The most frequently occurring danceability percentage in the dataset is between 70% and 80%. This range contains the highest count of songs, indicating a preference for this level of danceability in general music production.This characteristic is crucial for songs to appeal to a broader audience and perform well on music charts

ggplot(spotify_2023_updated, aes(x = danceability_percent, fill = in_spotify_charts)) +
  geom_bar() +
  labs(x = "danceability", y = "Count of Songs", title = "Distribution of Songs by danceability") +
  scale_fill_manual(values = c("#0072B2", "#D55E00")) +  # Custom colors for "yes" and "no"
  theme_minimal()

Visual streams

The box plot for songs in the Spotify charts (“yes”) is larger than for songs not in the charts (“no”),indicating a higher variability in the number of streams for charting songs. The median (represented by the line inside the box) for the “yes” category is higher compared to the “no” category, showing that charting songs generally have a higher number of streams. There are more extreme values (outliers) for the “yes” category. These are songs with exceptionally high numbers of streams, which significantly exceed the typical range

ggplot(spotify_2023_updated, aes(x = in_spotify_charts, y = as.numeric(streams), fill = in_spotify_charts)) +
  geom_boxplot() +
  labs(x = "In Spotify Charts", y = "Streams", title = "Distribution of Streams by Spotify Charts") +
  scale_fill_manual(values = c("#0072B2", "#D55E00"))+
  theme_minimal()

Setting Up Model

We can now proceed to building our models. First, we will randomly split our data into training and testing sets. Next, we will set up and create our recipe, and finally, we will establish cross-validation within our models.

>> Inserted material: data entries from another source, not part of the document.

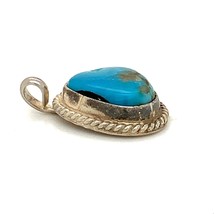 Vintage Sterling Silver Native American Navajo Turquoise Stone Cabochon Pendant - $49.50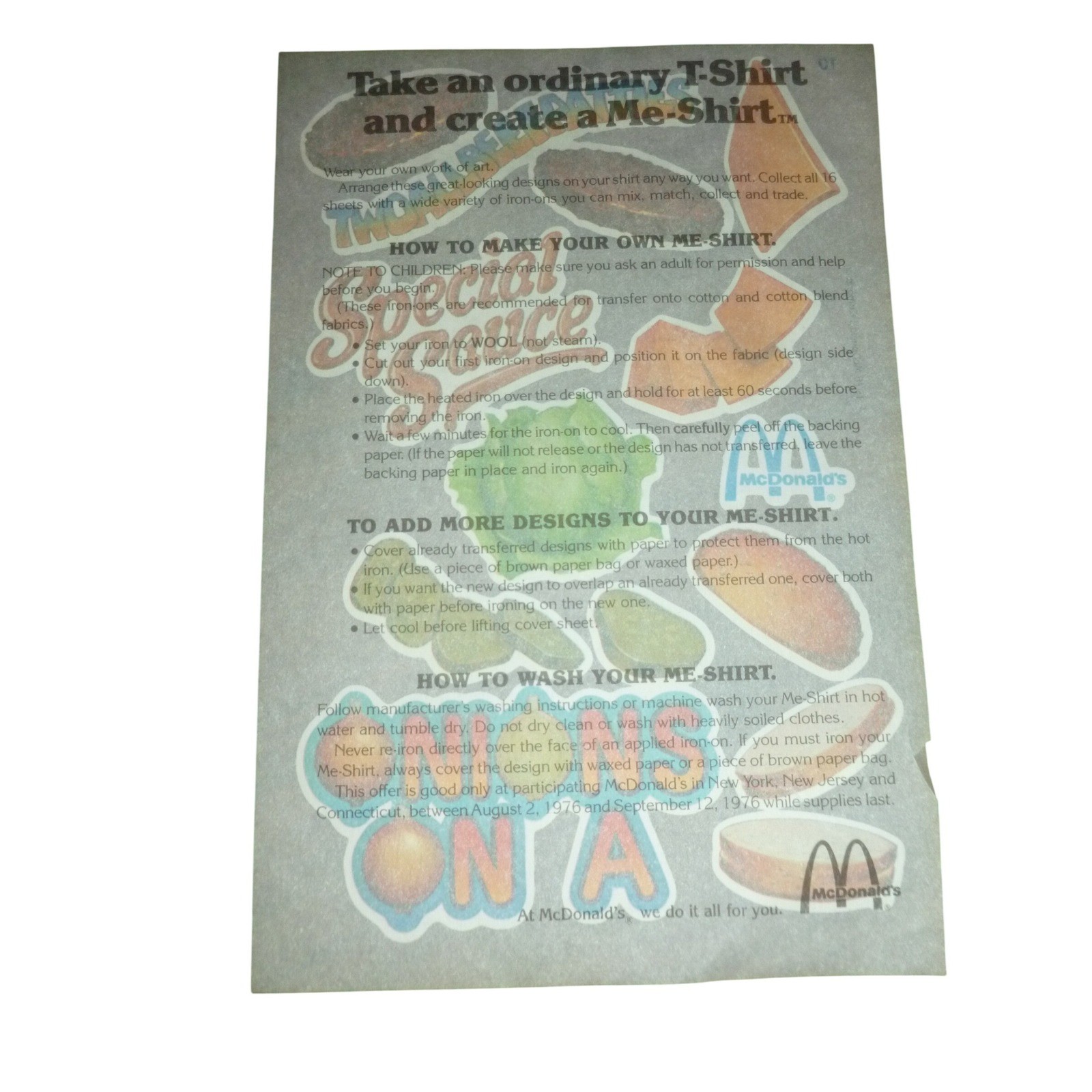 Vintage 1976 McDonalds Me-Shirt Iron-On Transfer Sheet Retro Fast Food Graphics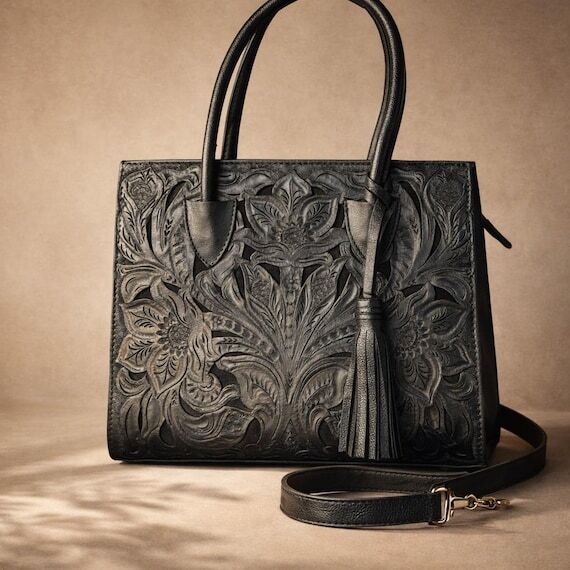 Handmade Leather Tote Bag Mexican Artisan Flo...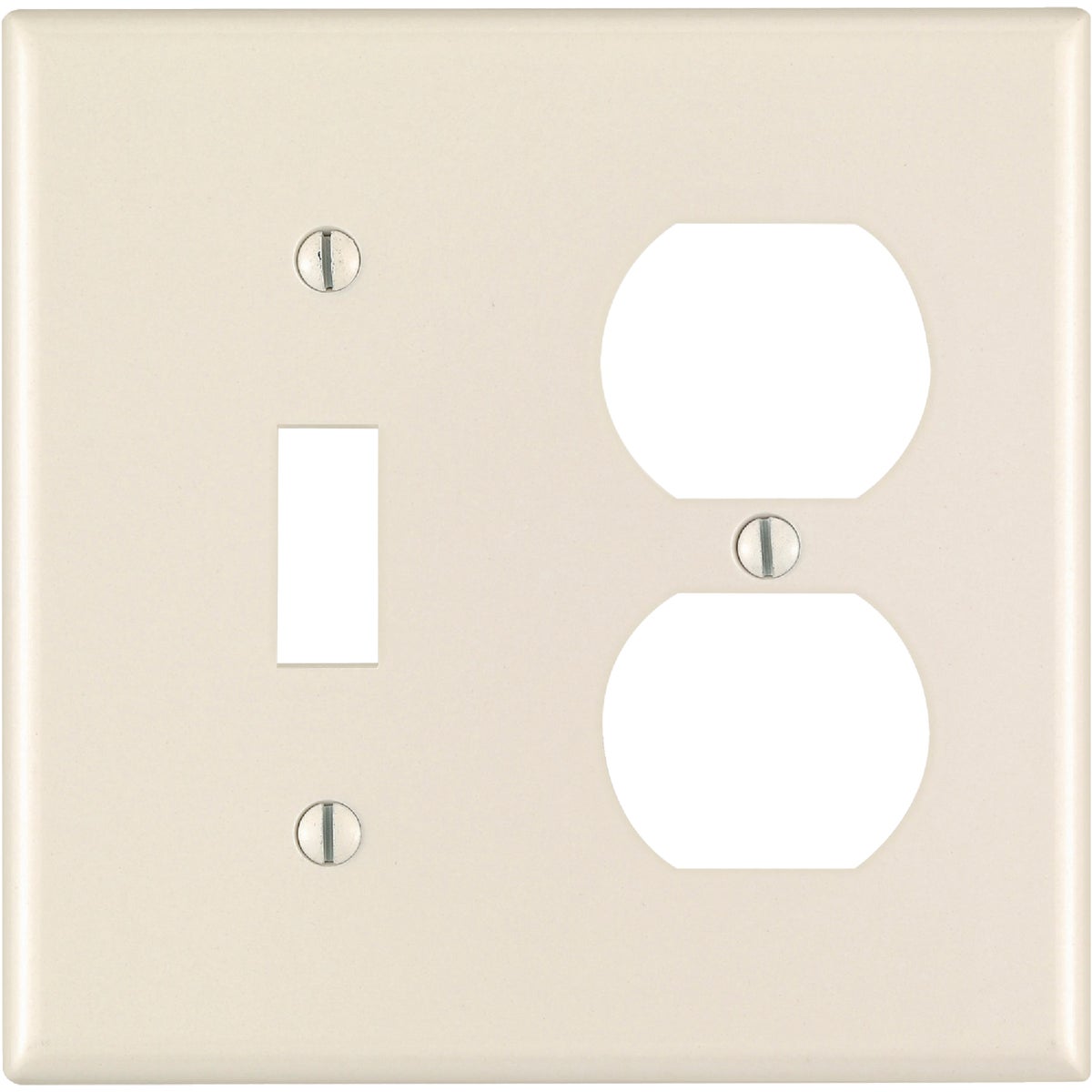 Leviton 2-Gang Plastic Single Toggle/Duplex Outlet Wall Plate, Light Almond Image 1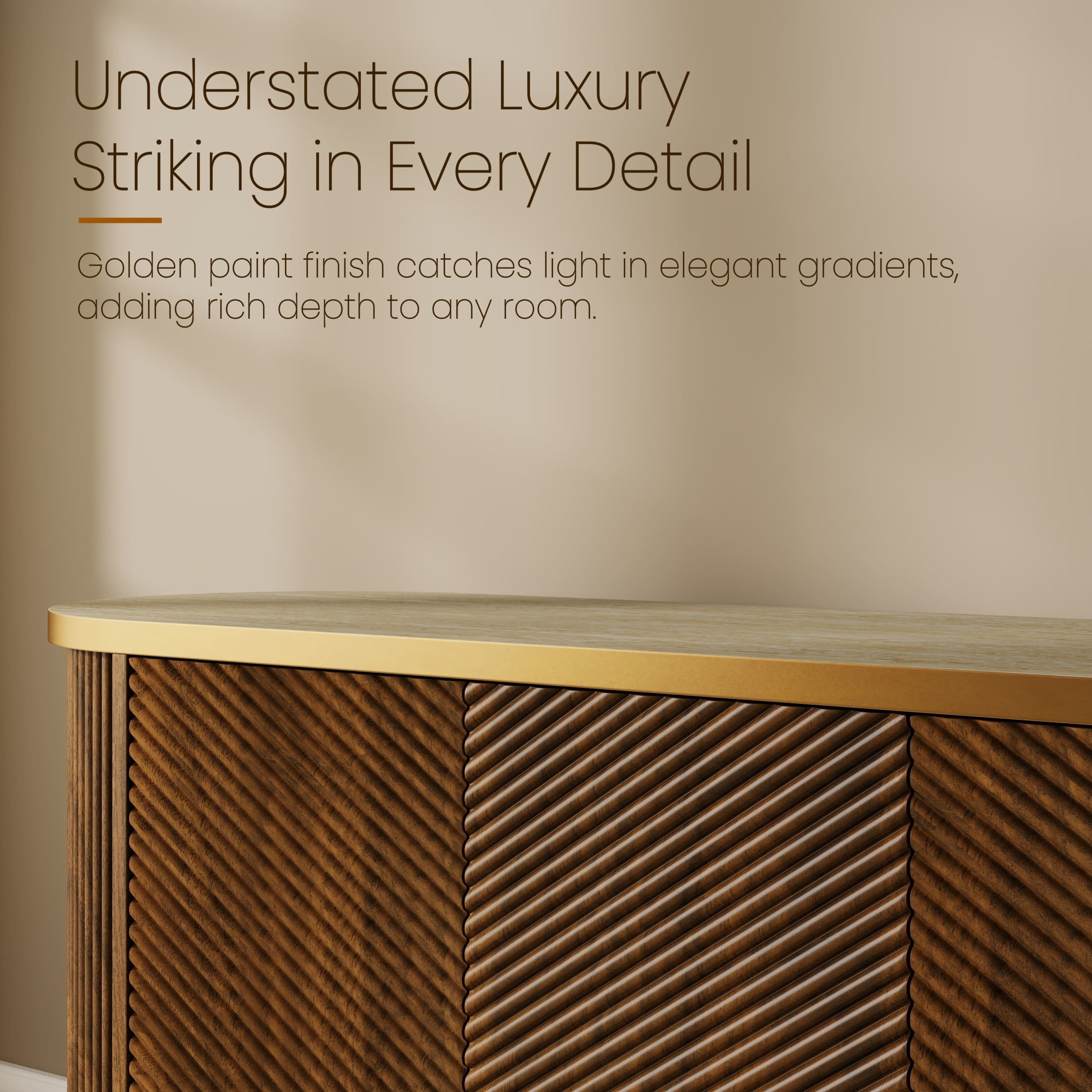 Noble House Diagonal Fluted Sideboard Cabinet with Faux Travertine Top & Gold Trim, Buffet Credenza TV Stand, Walnut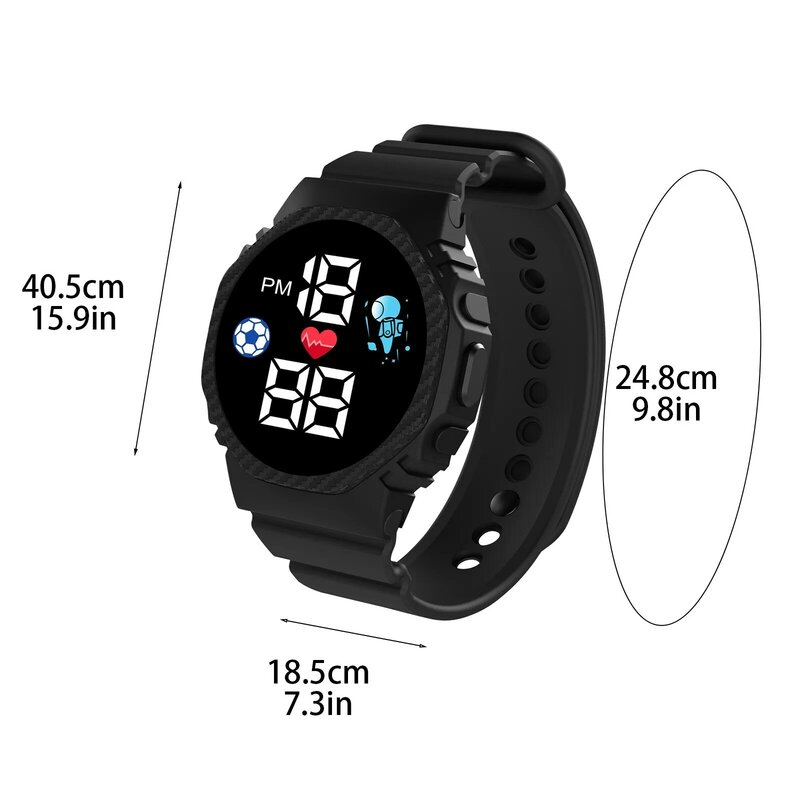 Children'S Sports Watch 2024 Durable Display Week Suitable Silicone Adjustable Strap Outdoor Electronic Watch For Students Reloj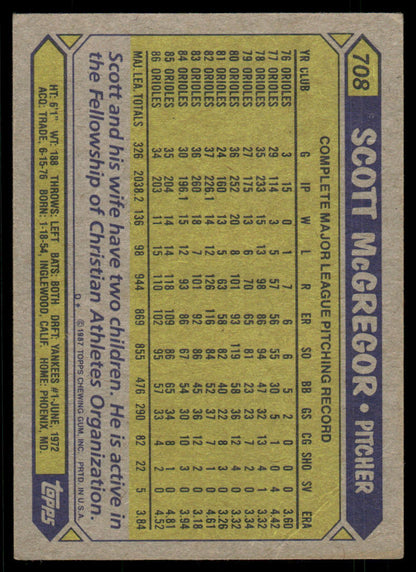 1987 Topps #708 Scott McGregor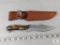 Fixed Blade Knife with Gut Hook & Sheath Faux Stag handle with Compass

Splitting Data into Train and Test

Our first step is to split the data into separate datasets. One dataset will be used for training our models, while the other will be reserved as the testing set, which will only be used once when we actually test our models.

First, we need to set a seed to ensure that our random split can be reproduced every time we train our models.

Next, we perform a training/testing split on our data and stratify based on our response variable, in_spotify_charts, to ensure that the distribution of this variable is maintained in both the training and testing sets.

set.seed(0926)
spotify_split<-initial_split(spotify_2023_updated,prop=0.75,strata = in_spotify_charts)
spotify_train<-training(spotify_split)
spotify_test<-testing(spotify_split)

set.seed(0926)
train_dim<-dim(spotify_train)
train_dim

## [1] 611  14

For Data splitting, I chose a proportion of 0.75. From the output of dimension we know that training data is 611 which is pretty large for our project.

Building Our Recipe

We will now bring together our predictors and our response variable to build our recipe, which we will use for all the models. This recipe will ensure that our data is consistently preprocessed for model training and evaluation.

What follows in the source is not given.